An important step towards ensuring the reproducibility and reusability of simulation data is taken here by linking PRISMS-Fatigue to Materials Common; such reproducibility and reusability has rarely been addressed in fatigue-related research and applications. The Materials Commons is a collaboration platform and information repository for the materials community33. The Materials Commons Python Application Programming Interfaces (MCAPI) wrapper is incorporated to link PRISMS-Fatigue to Materials Commons. Using MCAPI, the command line tool (CLI) reads in the input and output files and upload them at Materials Commons. The applications discussed in the Results and Discussion section are uploaded into Materials Common and published, which can be accessed using the link provided in the Data Availability section.

Materials Commons can also be used to establish a Community of Practice, which can share information for reuse, establish protocols, standards and best practices and, ultimately, curate information.

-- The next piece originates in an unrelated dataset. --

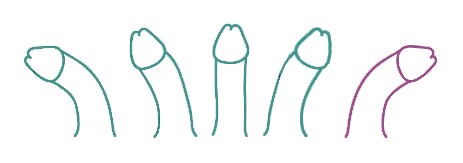 Gib deine Maße an - Dein Penis in deinem Gay.de Profil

This can include results of PRISMS-Fatigue simulations as well as experimental information for model calibration and validation. In order to expedite the rate at which materials are developed and implemented, the fatigue community is encouraged to transition to open-source simulations and software development as is already the case for other materials science software (DFT-FE, LAMMPS, etc.). The framework presented here will enable researchers to focus on critical microstructure-sensitive fatigue-related problems (e.g., assessing other FIPs, more complex microstructure heterogeneity, as is the case with additively manufactured microstructures).